Inexperienced investors keen to capitalise on these trends will probably prefer to buy into a fund, rather than purchase individual shares, as they generally provide greater diversification and a hands-on approach from experts in the field. But with such a vast array of attractive options on the market, finding the most suitable ones is no easy feat.
Back managers with solid track records
According to Laith Khalaf, senior analyst at Hargreaves Lansdown, a good starting point is to identify funds run by successful managers. “It’s best to back managers with a long-term track record of delivering robust total returns, and fortunately the equity income sector is blessed with some real investment talent,” he says.
“The big name in the sector is of course Neil Woodford, who runs Woodford Equity Income. But, likewise, there are other seasoned campaigners in the UK equity income universe with a history of outperformance.”
For example, the £667m Schroder UK Alpha Income Fund, managed by Matt Hudson, has a historic yield of 4.45 per cent, with holdings in high dividend-paying value stocks such as British American Tobacco, Royal Dutch Shell and BP.
Don’t chase yield
Another important consideration to make is how much yield you require to maintain a decent standard of living. Some funds offer mouthwatering dividends in the region of 7 per cent, although most, including Mr Khalaf, agree that something between 3.5 per cent and 4 per cent is a more realistic starting point.
In some cases, high yields can represent heavy price falls within portfolios, or an accumulation of stocks that pay out more than they can realistically afford to shareholders.
“Where income investors can go wrong is by starting with a certain yield requirement and letting that drive their share selection process,” says Todd Wenning, research analyst at Johnson Investment Counsel.
“If your yield requirement is far above the market average yield, you might end up building a portfolio of riskier securities than you'd have liked. You might enjoy a few quarters of high income, but you also run a higher risk of dividend cuts, which could impair your longer-term income potential.”
Dividend cuts rock the UK
UK investors have grown accustomed to companies slashing payouts.
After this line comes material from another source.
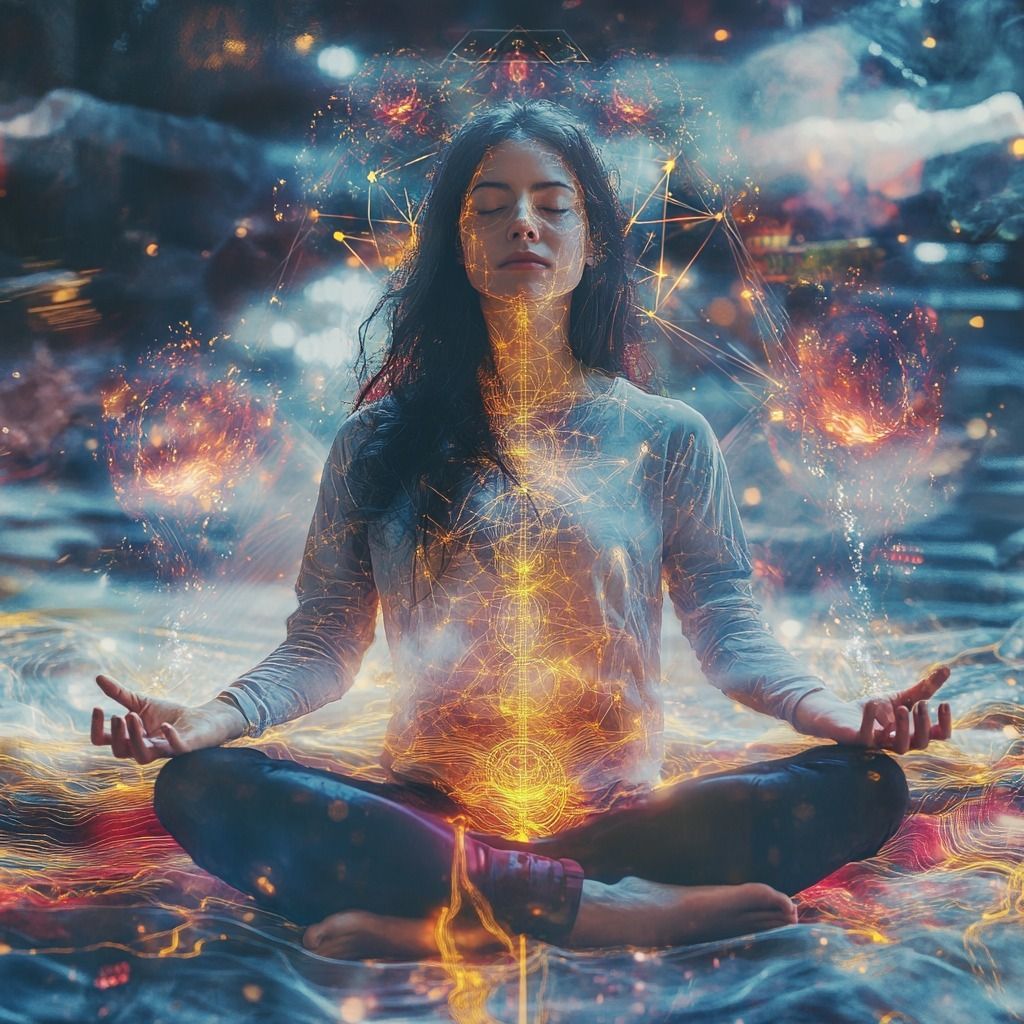 Serene meditation space with cushions and soft natural lighting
According to research by Share Centre, many of the nation’s biggest names spend more on dividends than they make in profits.
That worrying admission helps to explain why second quarter underlying dividends in the UK were the weakest performer among the Group of Seven leading industrialised nations.
Mr Khalaf reckons that axing dividends is “part and parcel of income investing” – and that free cash flow cover has now largely been restored, following a spate of high-profile cuts across big British companies.